OF LIVING DELICIOUSLY
April Street
Vivien Chung
Ellen Jong + Aura Friedman
Erica Schreiner view press release
- David Hume
It has become commonplace in contemporary society to streamline emotion. Identification and classification exist as means of emotional castration. Placing a cap on the ability to feel allows us to minimize pain, suffering, personal condemnation. Within an excessively categorized emotional landscape, there are few that possess an innate predisposition toward passion.

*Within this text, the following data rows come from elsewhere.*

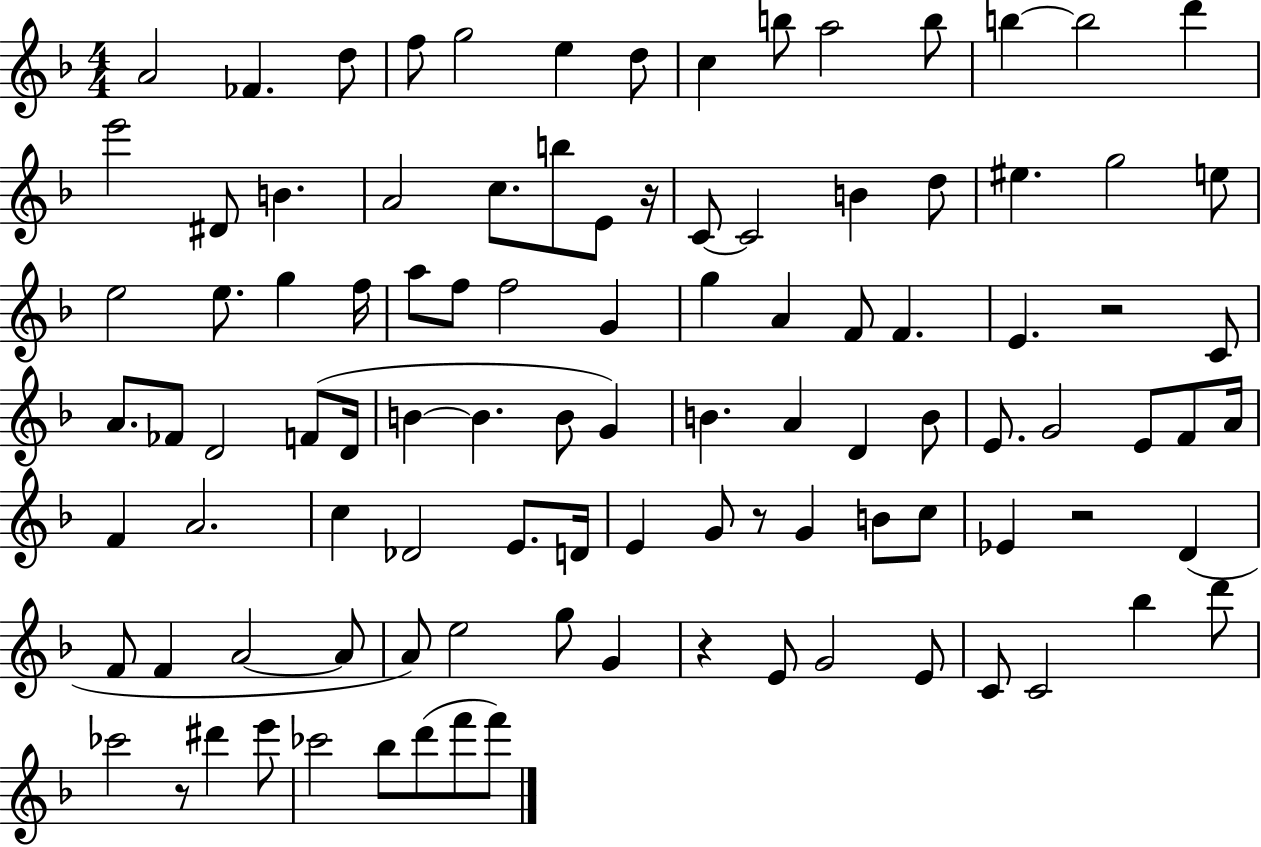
A4/h FES4/q. D5/e F5/e G5/h E5/q D5/e C5/q B5/e A5/h B5/e B5/q B5/h D6/q E6/h D#4/e B4/q. A4/h C5/e. B5/e E4/e R/s C4/e C4/h B4/q D5/e EIS5/q. G5/h E5/e E5/h E5/e. G5/q F5/s A5/e F5/e F5/h G4/q G5/q A4/q F4/e F4/q. E4/q. R/h C4/e A4/e. FES4/e D4/h F4/e D4/s B4/q B4/q. B4/e G4/q B4/q. A4/q D4/q B4/e E4/e. G4/h E4/e F4/e A4/s F4/q A4/h. C5/q Db4/h E4/e. D4/s E4/q G4/e R/e G4/q B4/e C5/e Eb4/q R/h D4/q F4/e F4/q A4/h A4/e A4/e E5/h G5/e G4/q R/q E4/e G4/h E4/e C4/e C4/h Bb5/q D6/e CES6/h R/e D#6/q E6/e CES6/h Bb5/e D6/e F6/e F6/e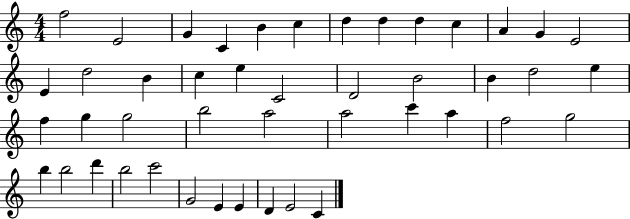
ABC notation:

X:1
T:Untitled
M:4/4
L:1/4
K:C
f2 E2 G C B c d d d c A G E2 E d2 B c e C2 D2 B2 B d2 e f g g2 b2 a2 a2 c' a f2 g2 b b2 d' b2 c'2 G2 E E D E2 C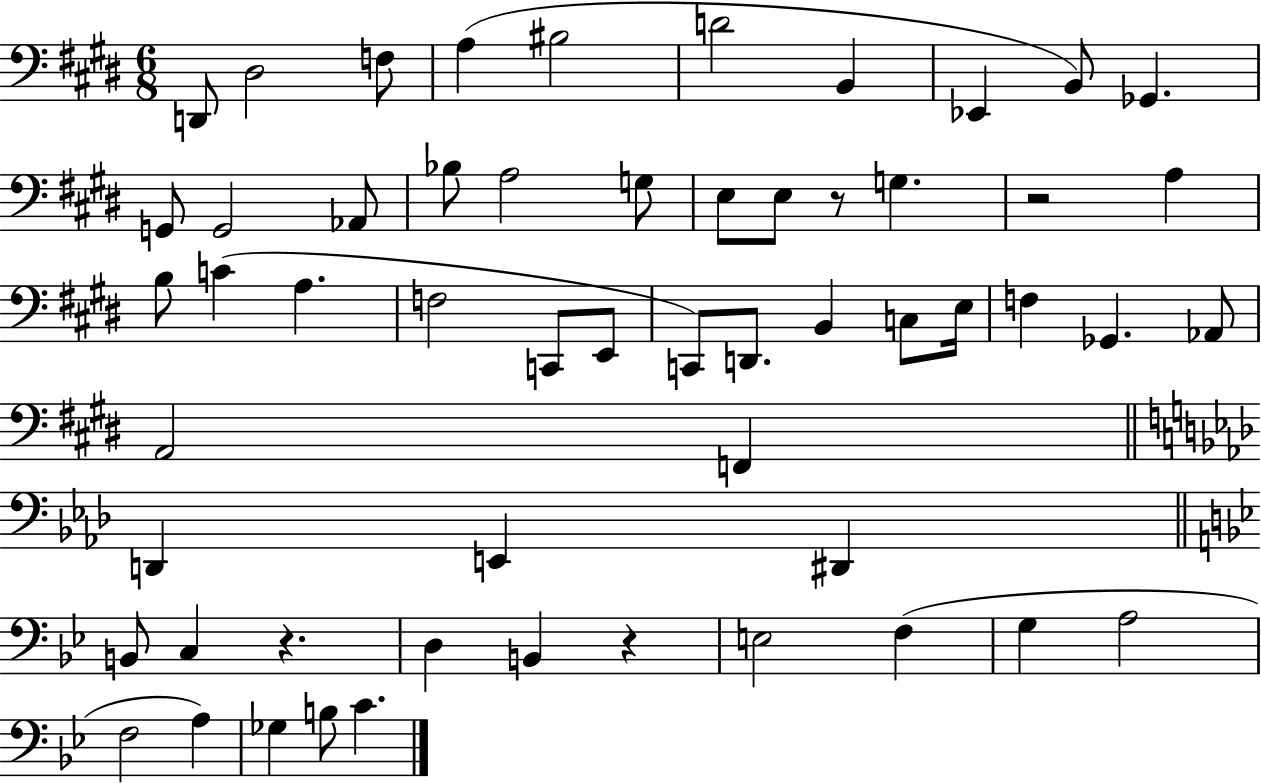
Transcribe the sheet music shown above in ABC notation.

X:1
T:Untitled
M:6/8
L:1/4
K:E
D,,/2 ^D,2 F,/2 A, ^B,2 D2 B,, _E,, B,,/2 _G,, G,,/2 G,,2 _A,,/2 _B,/2 A,2 G,/2 E,/2 E,/2 z/2 G, z2 A, B,/2 C A, F,2 C,,/2 E,,/2 C,,/2 D,,/2 B,, C,/2 E,/4 F, _G,, _A,,/2 A,,2 F,, D,, E,, ^D,, B,,/2 C, z D, B,, z E,2 F, G, A,2 F,2 A, _G, B,/2 C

‘Of Living Deliciously’ pays homage to the inherent sensibility toward beauty and deformity present in those with a certain delicacy of passion. To live ‘deliciously’ is to embrace boundlessness and to relish decadence. Yet to exist boundlessly enlarges the sphere of both our happiness and our misery. Each of these artists is individually attuned to this spectrum, communicating this through their unique intentionality of material and their emphasis on identity, physicality, and the ephemeral nature of self.
Unbound by the need for classification, the works in this exhibition emerge as a quiet refuge within an ever-shifting world; a calm within the storm. There is solace in illegibility: in the refusal to render, define, or categorize. Here, abstraction offers a freedom from finality, replacing certainty with familiarity found in color, movement, and texture. Enchanting the viewer in an act of play, each artist engages curiosity and dialog through the use of ethereal landscapes, luminous mark making, and succulent textures.
April Street’s new series of small watercolors called "Weather Patterns” are spontaneously painted landscapes with reworded weather reports written on each of them at the place and time of completion. They bring together the disembodied time of the imagined world with the physical conditions surrounding the artist at a particular moment.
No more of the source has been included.